BGH: Erschwerniszulagen unterliegen in den Grenzen des § 3 b EStG nicht der Zwangsvollstreckung.

Wie das Bundesarbeitsgericht (Urteil vom 23. August 2017 - 10 AZR 859/16 -) hat der Bundesgerichtshof entschieden, dass Zuschläge für Sonntags- und Feiertagsarbeit in den Grenzen des § 3 b EStG als Erschwerniszulagen nicht der Zwangsvollstreckung unterliegen. Eine Tätigkeit an Sonn und Feiertagen sowie zur Nachtzeit stelle eine entsprechende Erschwernis dar, dass diese Zeiten einen besonderen gesetzlichen Schutz genössen. Die besondere zeitliche Lage der Arbeit bedeute damit eine besondere Belastung. 
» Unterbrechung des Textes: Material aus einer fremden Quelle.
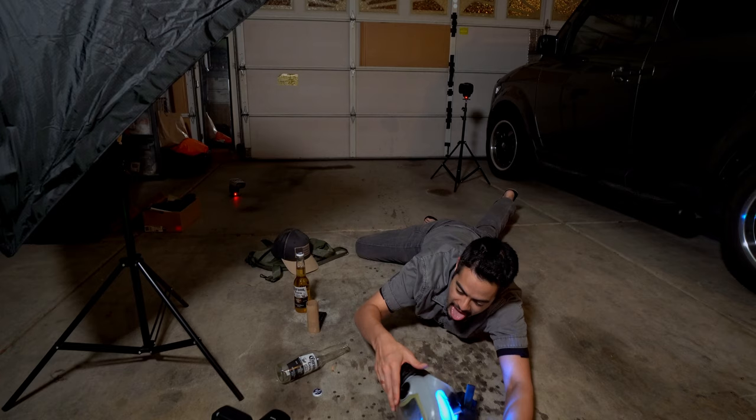The things I do for a photo — I don't know why I do them. Come on, take a shot.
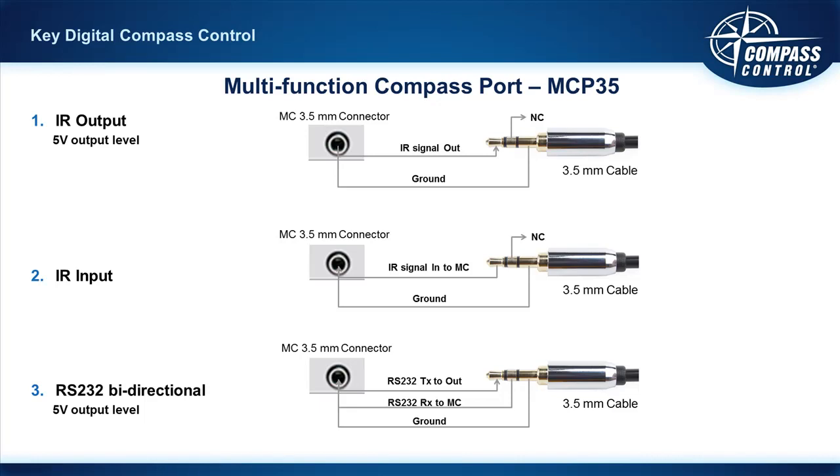For bi-directional RS-232, the wiring is tip, ring, and ground. Tip is TX, ring is RX — so T to T and R to R — that makes sense, with ground on the base.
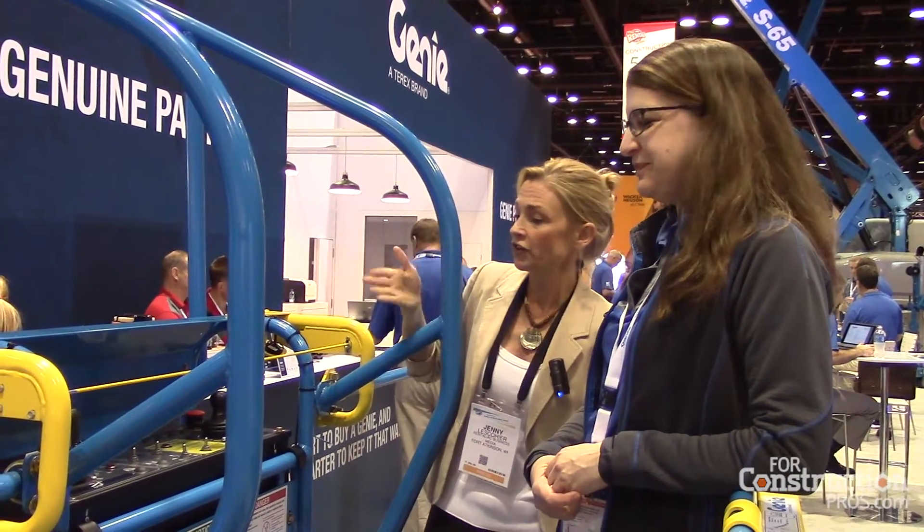Hi, this is Jenny Lesko here at Rental Magazine. We're here at the Rental Show 2017 in Orlando. This is Marie Engstrom, Product Manager at Genie, and she's going to tell us about Genie's new lift guard contact alarm.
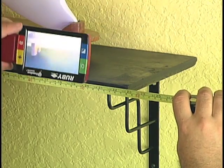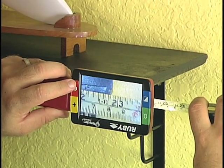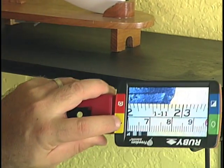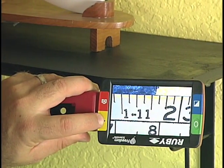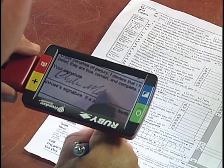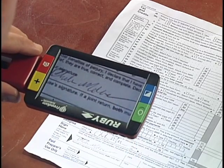The freeze frame feature lets me capture what I need to read and even zoom in to be absolutely sure. The Ruby's focus stays nice and crisp, even when I'm several inches off the paper.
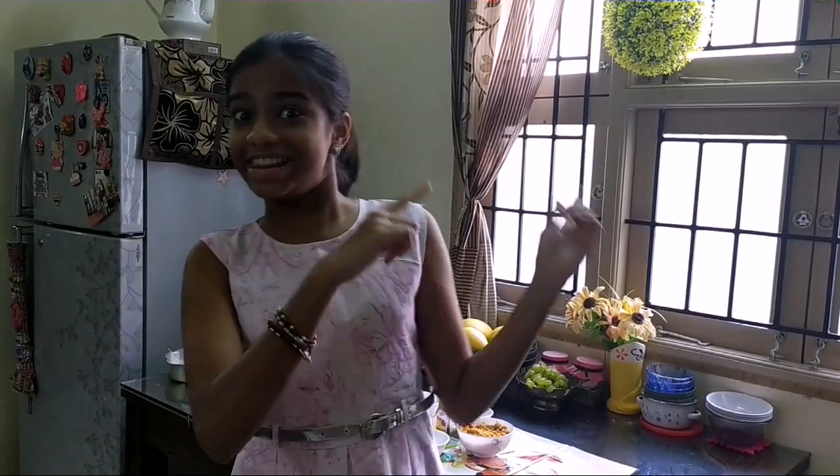Hi friends, it's Inishree here. Today we're going to make a different and a yummy cake — cake out of idli batter. Let's get started.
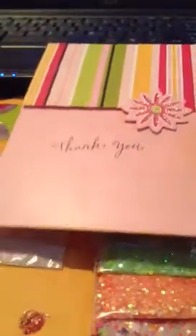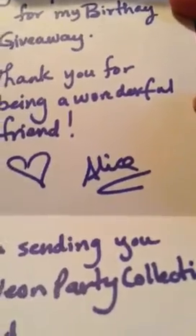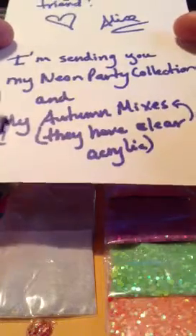Hey ladies! I'm back. I got my birthday giveaway. It says 'Your prize for my birthday giveaway - thanks for being a wonderful friend, love Alice.' She's sending me her neon party collection and her autumn mixes, and they do have clear acrylic in it. Thank you so much, Alice! This is lacangri71 on YouTube.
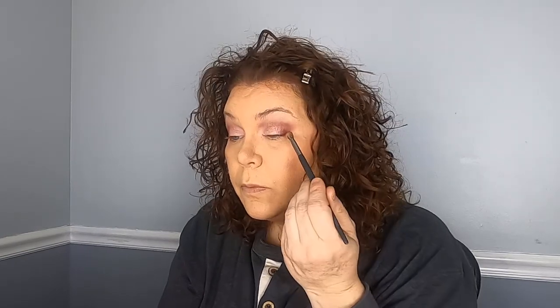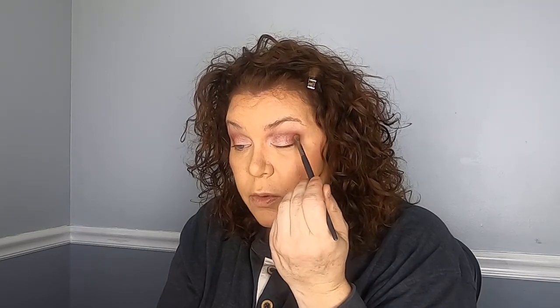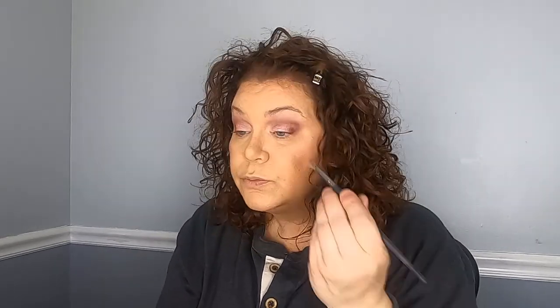I think part of the problem is that my eyelids just don't have the elasticity they used to, and I think that's affecting how my eyeshadow goes on. I'm just going to blend that toward the middle a little bit. I like that better — it's not as natural as I wanted this look to be, but I am going to blend it out a bit.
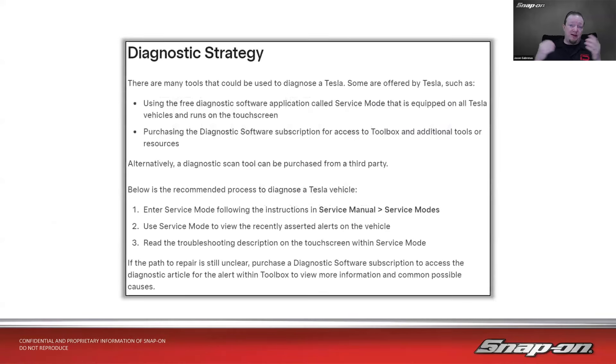Tesla's diagnostic strategy, straight from their book: there are many tools that can be used. Some are offered by Tesla, such as the free diagnostic software called Service Mode that runs on the touchscreen, or you can purchase the diagnostic software subscription for access to Toolbox and additional resources. Alternatively, a scan tool can be purchased from a third party like Snap-On. Their recommended process: enter service mode, view recently asserted alerts, read the troubleshooting description on the touchscreen, and if still unclear, purchase a subscription to access the diagnostic article for the alert.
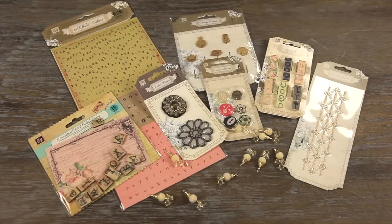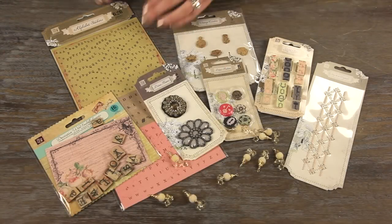This is the Prima Tea Time Embellishment Kit. It's a great value. Let me show you everything that you get.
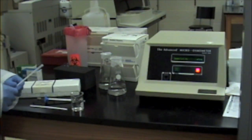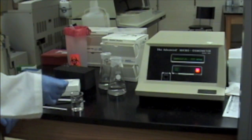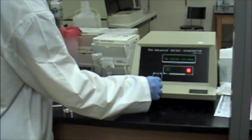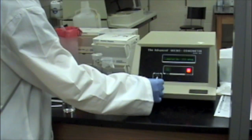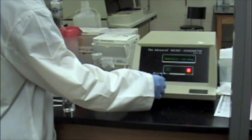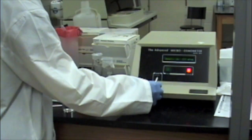When testing is complete, the port should now be cleaned. Wet a chamber cleaner with distilled water and insert it into the injection port. Rotate it three or four times before discarding it, and insert a clean dry sample cleaner, which should remain there until the next test.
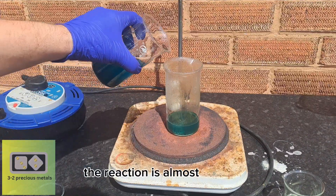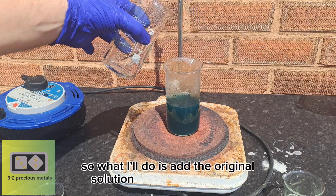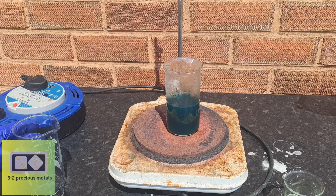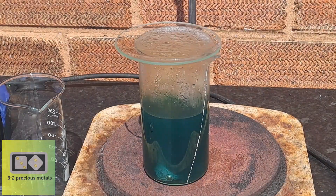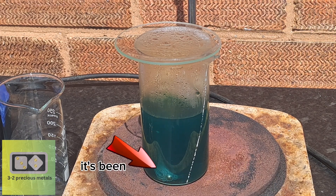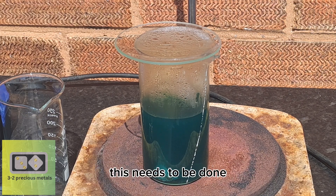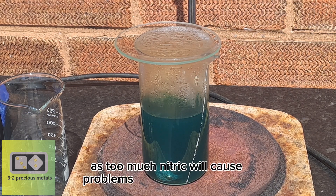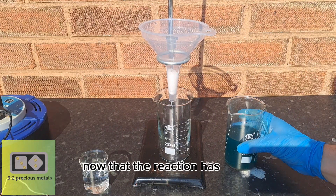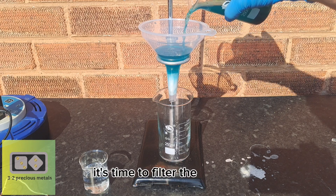The reaction is almost complete — there is just one small piece left — so I'll add the original solution back into the beaker to use up any free nitric. Remember that ring I left out at the start? It's been placed into the solution to use up any excess nitric acid. This needs to be done as too much nitric will cause problems with the next reaction. Now that the reaction is complete and all excess nitric acid has been removed, it's time to filter the solution.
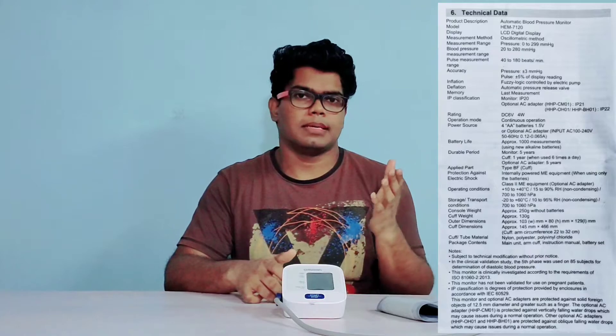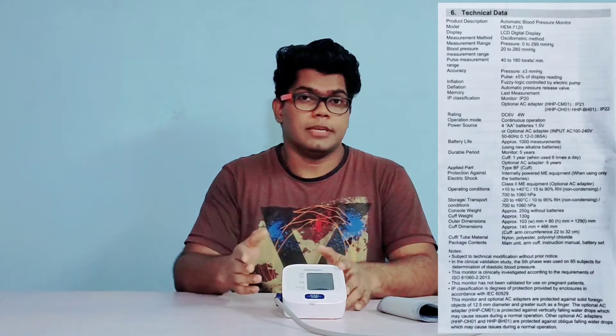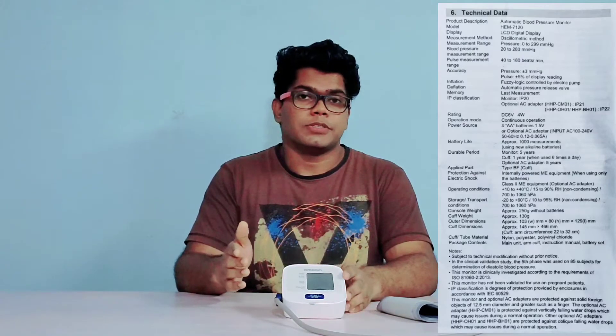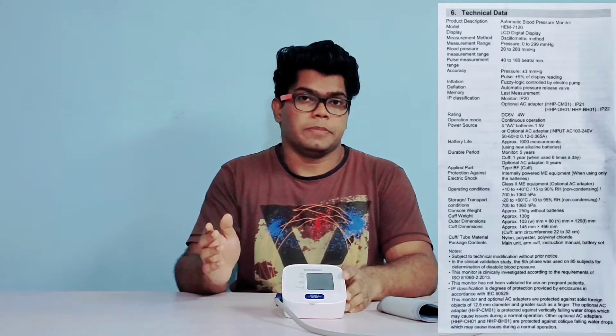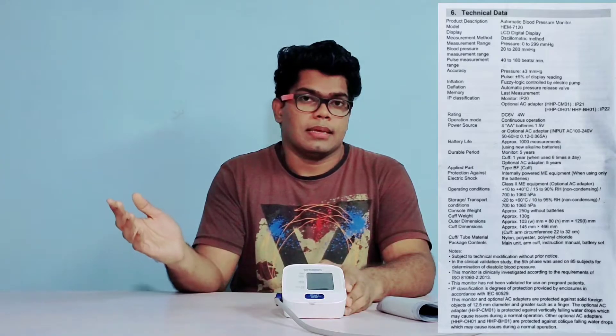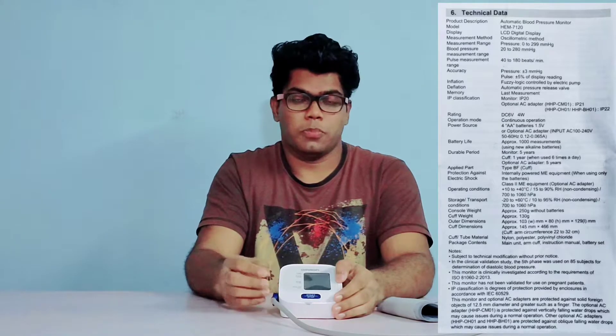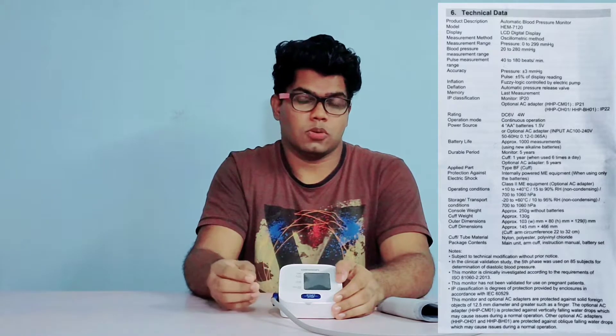Here is the technical specification list. It uses an LCD display and works on oscillometric method. The measurement range is 0 to 299 mmHg, blood pressure measurement range is 20 to 280 mmHg, and pulse measurement range is 40 to 180 beats per minute. Accuracy is plus or minus 3 mmHg in blood pressure monitoring and plus or minus 5% in pulse monitoring. This BP monitor has an IP20 rating, meaning there is no protection from water damage, drops, or scratches — so keep it safe and away from water.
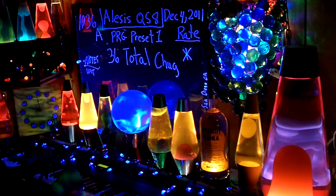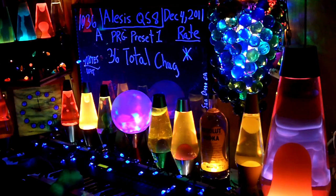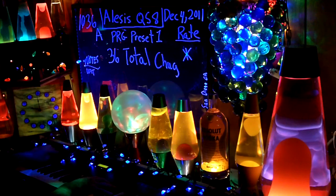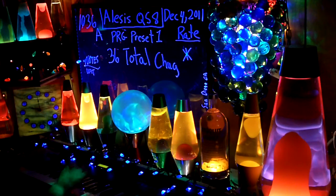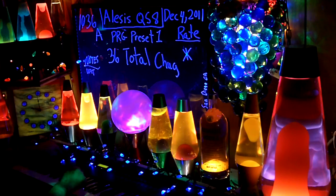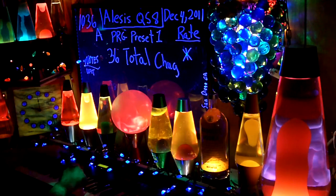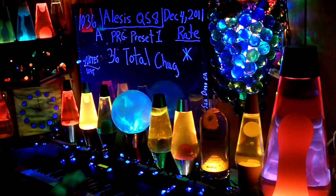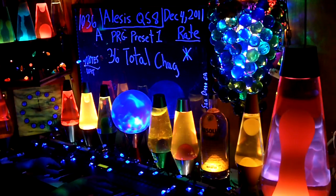A controller, no effect. B — nice echo. C — no effect. D — little hall effect. B and D.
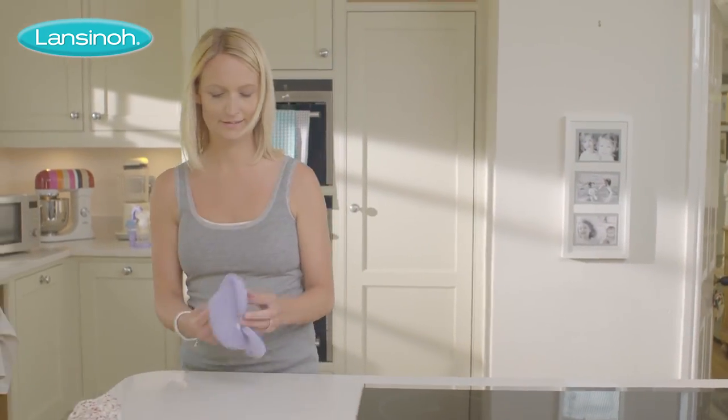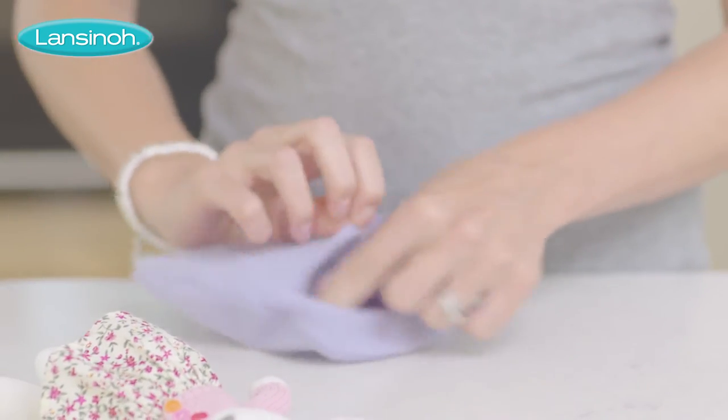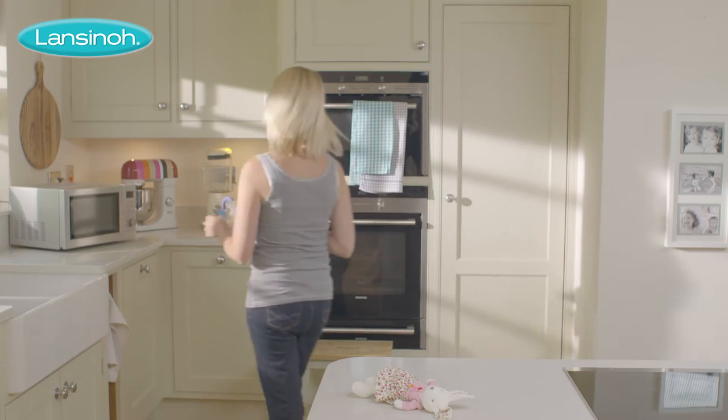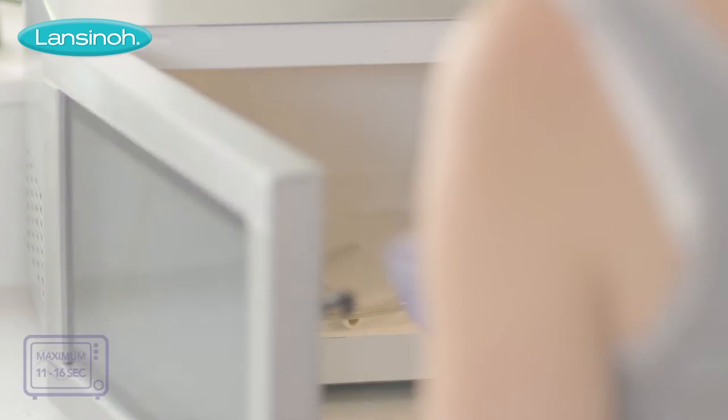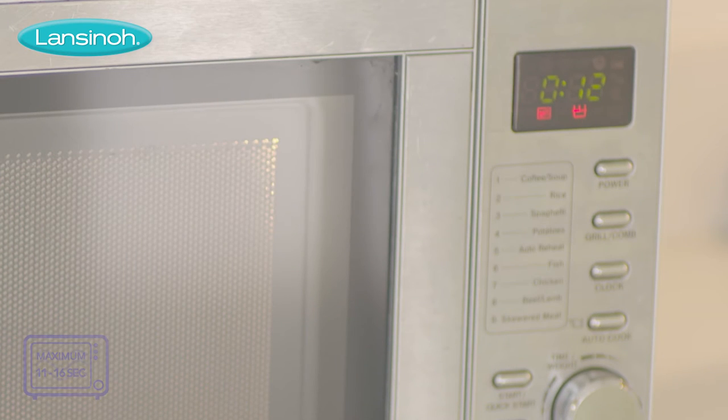Heat therapy is perfect for relieving mastitis and blocked ducts. Just pop one of the two reusable treatment packs into the soft cover, place in the microwave, following the specific heating instructions exactly, and apply to the affected breast.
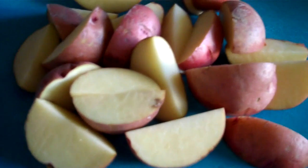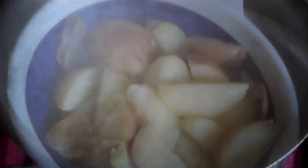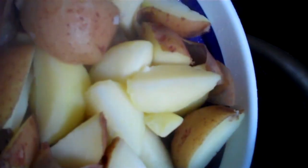First step obviously in making any mashed potatoes, boil your water and add your equally sized potatoes. Just keep boiling until they are soft and ready to mash. Once they are soft and ready to mash, just drain them and then return them to your pan.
Die Zuschläge für Samstage seien hingegen pfändbar, da es sich hierbei nicht um Erschwerniszulagen handele. Bei Samstagarbeit fehle eine entsprechende gesetzliche Wertung. 

Der Bundesgerichtshof betont jedoch, dass die Bezüge „das Übliche“ nicht überschreiten dürften. Als Anhaltspunkt für den üblichen Rahmen gem. § 850 a Nr. 3 ZPO könne an die Regelung des § 3 b EStG angeknüpft werden. Erschwerniszulagen sollten danach insofern unpfändbar sein, soweit sie auch nach § 3 b EStG steuerfrei gewährt werden.